I never really knew the meaning of the word 'cold' until Christmas morning in 1968. I was eight years old, and this was the date of the first outing of the rejuvenated Clones Brass Band. We were a small ensemble, no more than a dozen hardy music lovers ranging in age from the elderly to those not yet in their teens. 'Silent Night' and 'Adeste Fideles' rang out from the various locations around the town, where we set up our mobile stage: the churches, the Butteryard and a visit to my grandparents' house. My grandfather had been a bandmaster in the past and now his son-in-law, my father, wielded the baton, metaphorically, since he also played while conducting.
That morning was bitterly cold with eyes, noses and fingertips ravaged by the snowless breeze. The warmest parts of the body were the lips, shielded from the cold by the round mouthpieces and toasted by the constant currents of hot breath discharged into our instruments in order to make music. Performing in public bestowed a certain status, even if the precise circumstances lacked trendiness.

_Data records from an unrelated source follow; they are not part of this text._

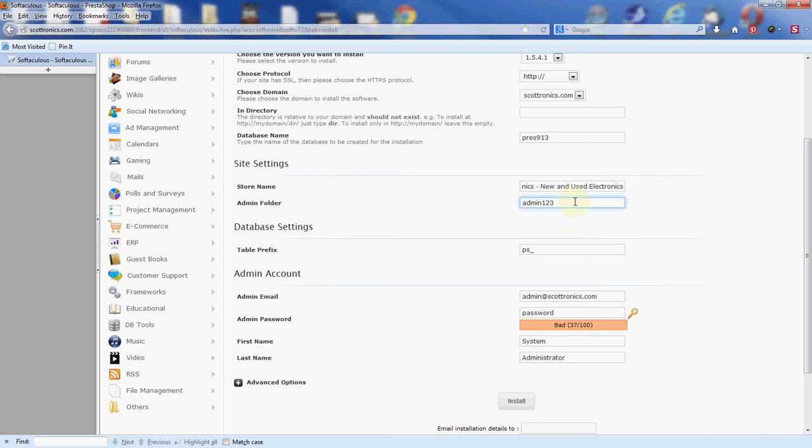Next we have the table prefix, ps underscore. It's fine to leave that there. And then now we have the admin account section. The first area here is the admin email, which is the login also for your admin. You're going to log in with an actual email address as opposed to just a normal username. It gives a default of admin at the domain name you're using, which is Scottronix.com in this case. I'll leave that there.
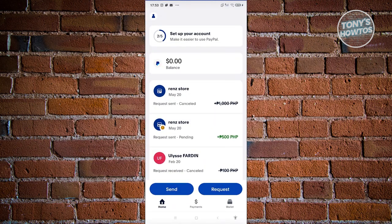Log in to your account if you haven't. Once you've logged in, this is what you'll be seeing on your screen.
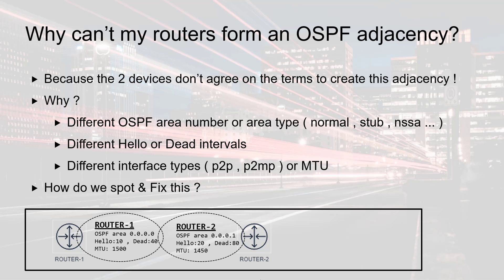Router 2 on the other hand is set up in a different area, area number 1. The hello interval and dead interval are also different. I'm going to use 20 and 80 and the MTU is set to 1450. Now let's get to the router console and see what we can do.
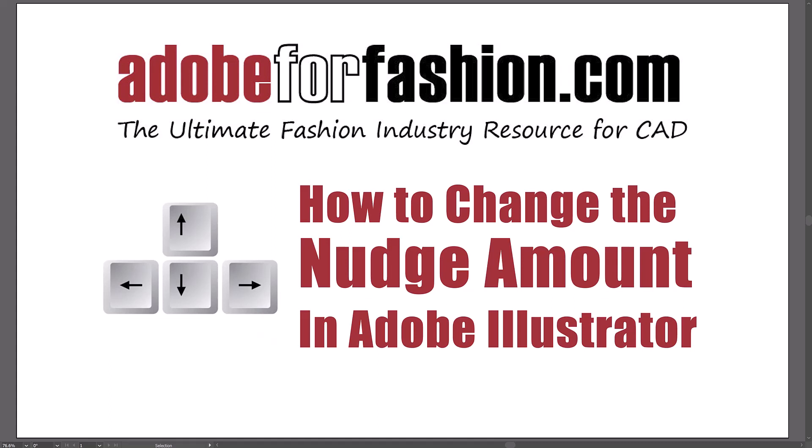In today's video, I'm going to show you how to change the nudge amount in Adobe Illustrator. But before we get started, please take a minute to subscribe.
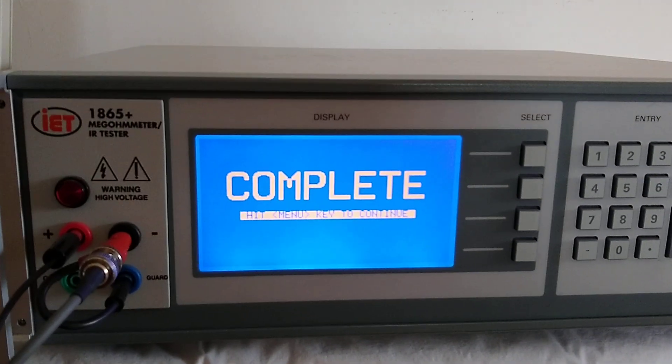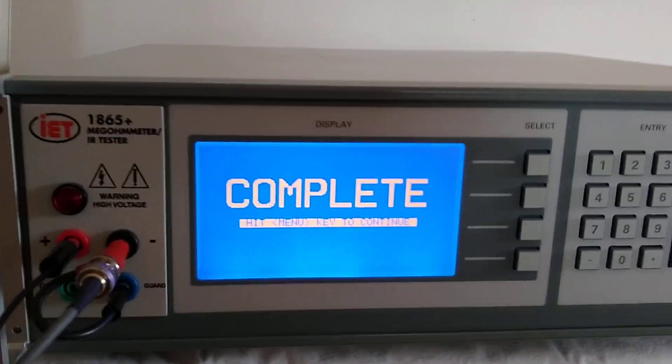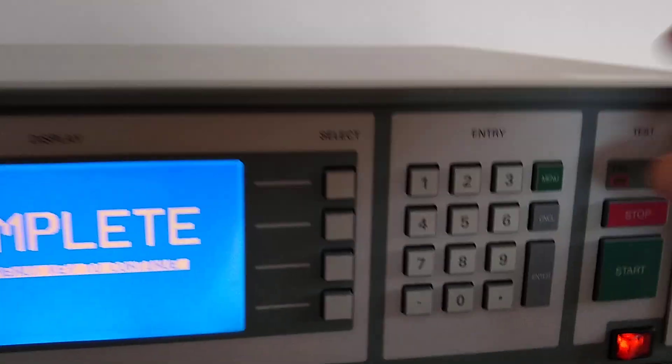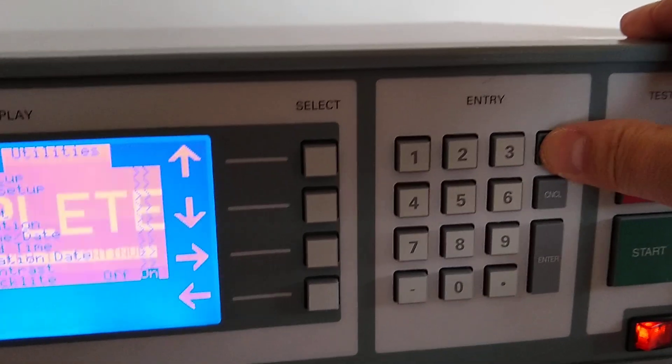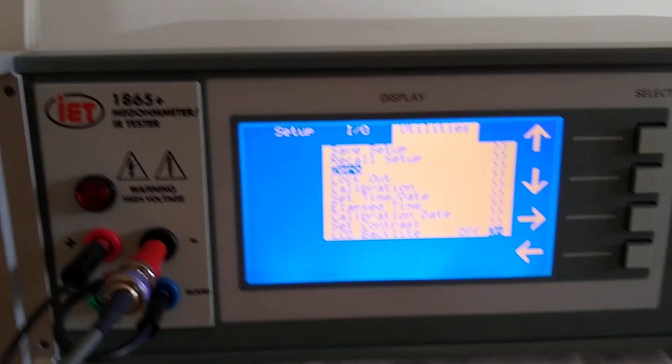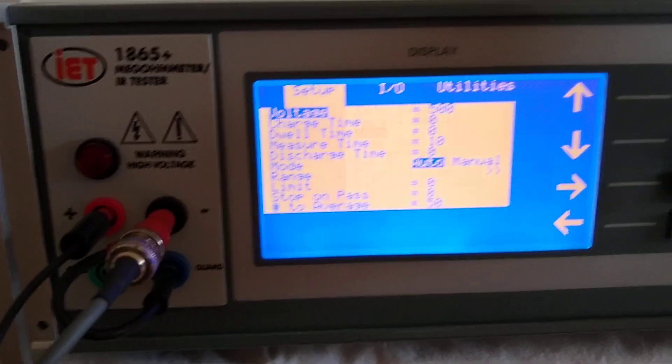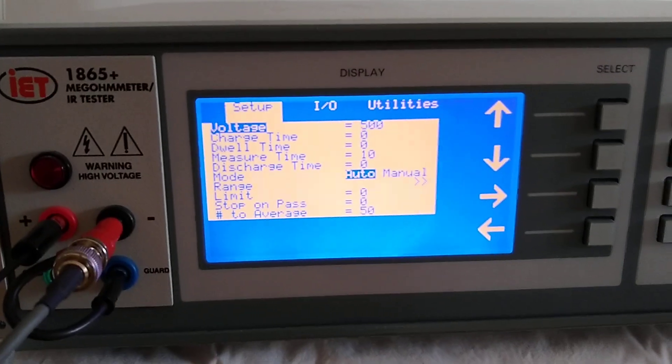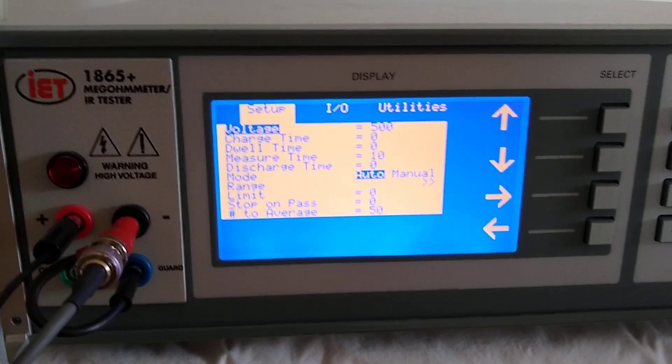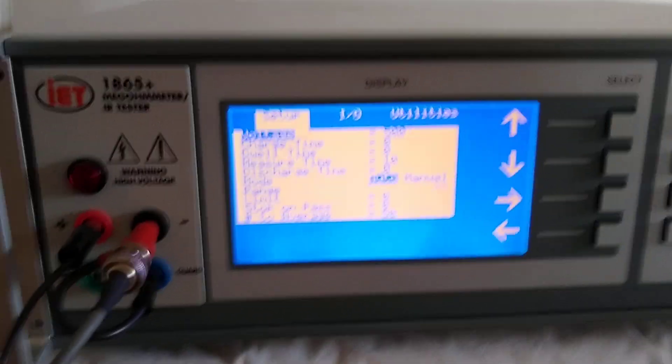Once the zero completes, it will come up with a complete screen. At this point, we will press the menu button. This will bring us back to our standard menu. We can go back over to setup just so we can see the setup. At this point, we would want to place the sample into the cell.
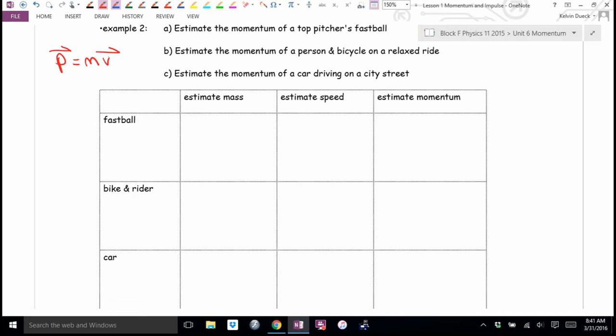Any baseball players here? Anybody know how much a baseball's mass is — not weight, mass? Does it weigh a kilogram? More than a kilogram? Or less than a kilogram? I think it's less than a kilogram.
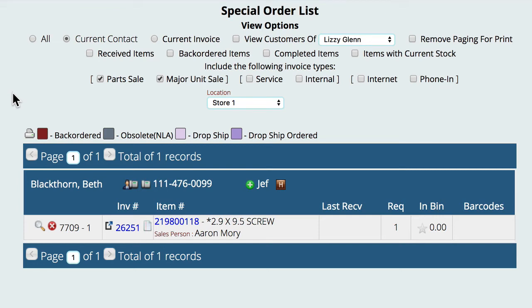In this video we're going to take a look at the special order list and how to cancel a special order and pull from in stock. Maybe we ordered or force ordered a part and we've found inventory in the system and adjusted it back in, or maybe we ordered it and really shouldn't have. We want to cancel the special order part and pull it from stock, so the first thing we're going to do is pull up the special order list.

Much of the music we played was arranged by my father with each part written out by hand - no photocopier made it an immensely laborious and difficult task.
It is a long, long time since I heard a brass band performing on Christmas morning, and the Clones Brass Band is defunct. But whenever I hear a band playing Christmas carols I think of my father, of his little band and especially of that very cold morning.
Christmas Past in Clones was cold but it evokes warm memories. My father played the trumpet, not the melodeon, and my mother certainly never milked the cows. But I still have my memory like a white rose pinned on the Virgin Mary's blouse.